Food made him feel a little better. He finished the last of his profiterole an chocolate, not even leaving on the plate the uneaten one-third that tradition permitted, and paid his check. The robot cashier reached automatically for his ration book. Morey had a moment of grandeur as he said simply, “No ration stamps.”
Robot cashiers are not equipped to display surprise, but this one tried. The man behind Morey in line audibly caught his breath, and less audibly mumbled something about slummers.
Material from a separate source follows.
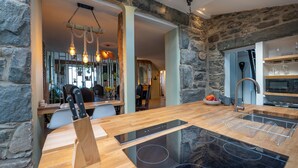 Eine moderne Küche mit Steinwand, Holz Arbeitsplatte und eingebauten Geräten.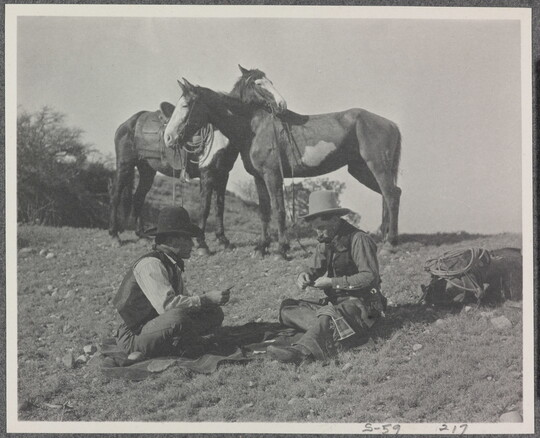 A black-and-white photograph of two cowboys playing a card game on the ground, while their horses stand nearby.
Morey took it as a compliment and strode outside feeling almost in good humor.
Good enough to go home to Cherry? Morey thought seriously of it for a second; but he wasn’t going to pretend he was wrong and certainly Cherry wasn’t going to be willing to admit that she was at fault.
Besides, Morey told himself grimly, she was undoubtedly asleep. That was an annoying thing about Cherry at best: she never had any trouble getting to sleep. Didn’t even use her quota of sleeping tablets, though Morey had spoken to her about it more than once. Of course, he reminded himself, he had been so polite and tactful about it, as befits a newlywed, that very likely she hadn’t even understood that it was a complaint. Well, that would stop!
Man’s man Morey Fry, wearing no collar ruff but his own, strode determinedly down the streets of the Old Town.
“Hey, Joe, want a good time?”
Morey took one unbelieving look. “You again!” he roared.
The little man stared at him in genuine surprise. Then a faint glimmer of recognition crossed his face. “Oh, yeah,” he said. “This morning, huh?” He clucked commiseratingly. “Too bad you wouldn’t deal with me. Your wife was a lot smarter. Of course, you got me a little sore, Jack, so naturally I had to raise the price a little bit.”